* **Task instructions**
Note on the material below: return exactly the lines from the line that holds "a picnic table" through the line that holds "Man keep soldering iron for polypropylene", and leave out each picture.

* **Data for this exercise**
· · · · · · ·
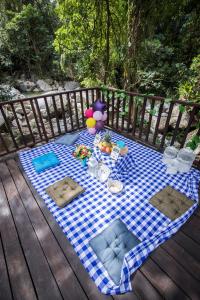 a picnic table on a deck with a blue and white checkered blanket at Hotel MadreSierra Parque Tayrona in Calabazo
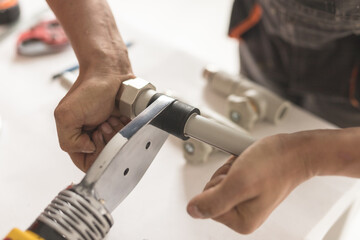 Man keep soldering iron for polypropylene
· · · · · · ·
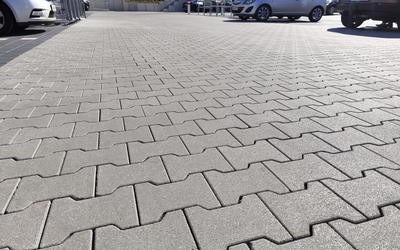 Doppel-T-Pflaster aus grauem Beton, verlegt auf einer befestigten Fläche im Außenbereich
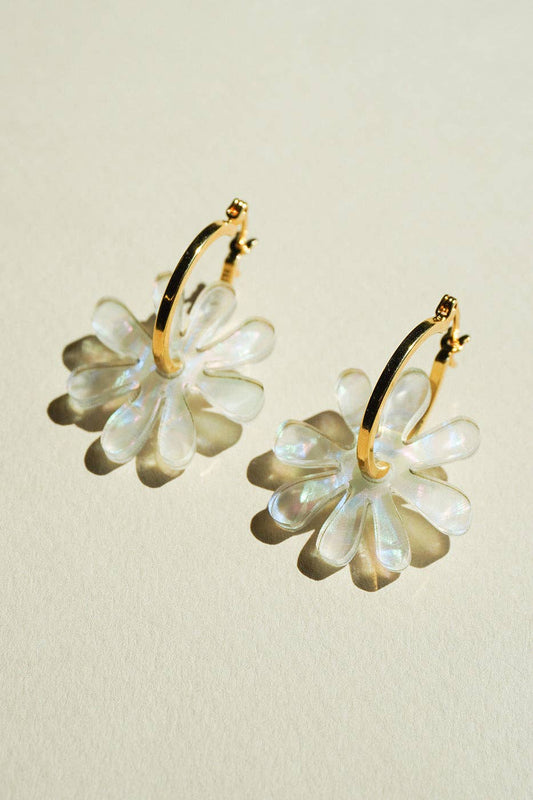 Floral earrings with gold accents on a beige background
· · · · · · ·
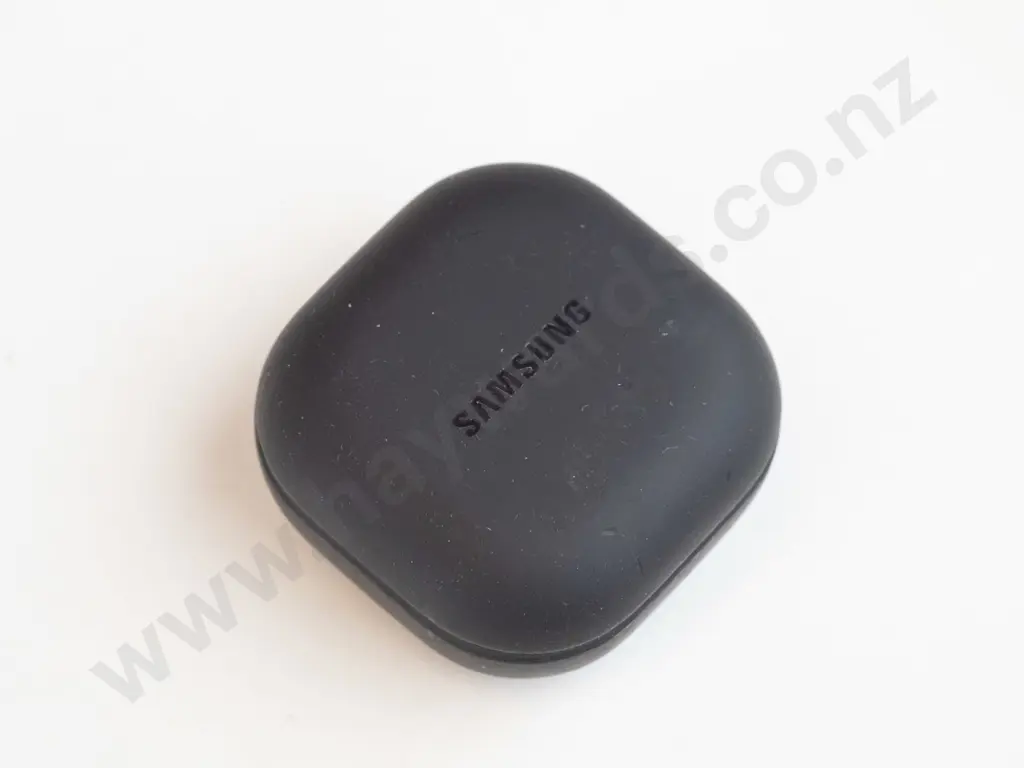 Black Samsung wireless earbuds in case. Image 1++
· · · · · · ·
* **Solution for this task**
 a picnic table on a deck with a blue and white checkered blanket at Hotel MadreSierra Parque Tayrona in Calabazo
 Man keep soldering iron for polypropylene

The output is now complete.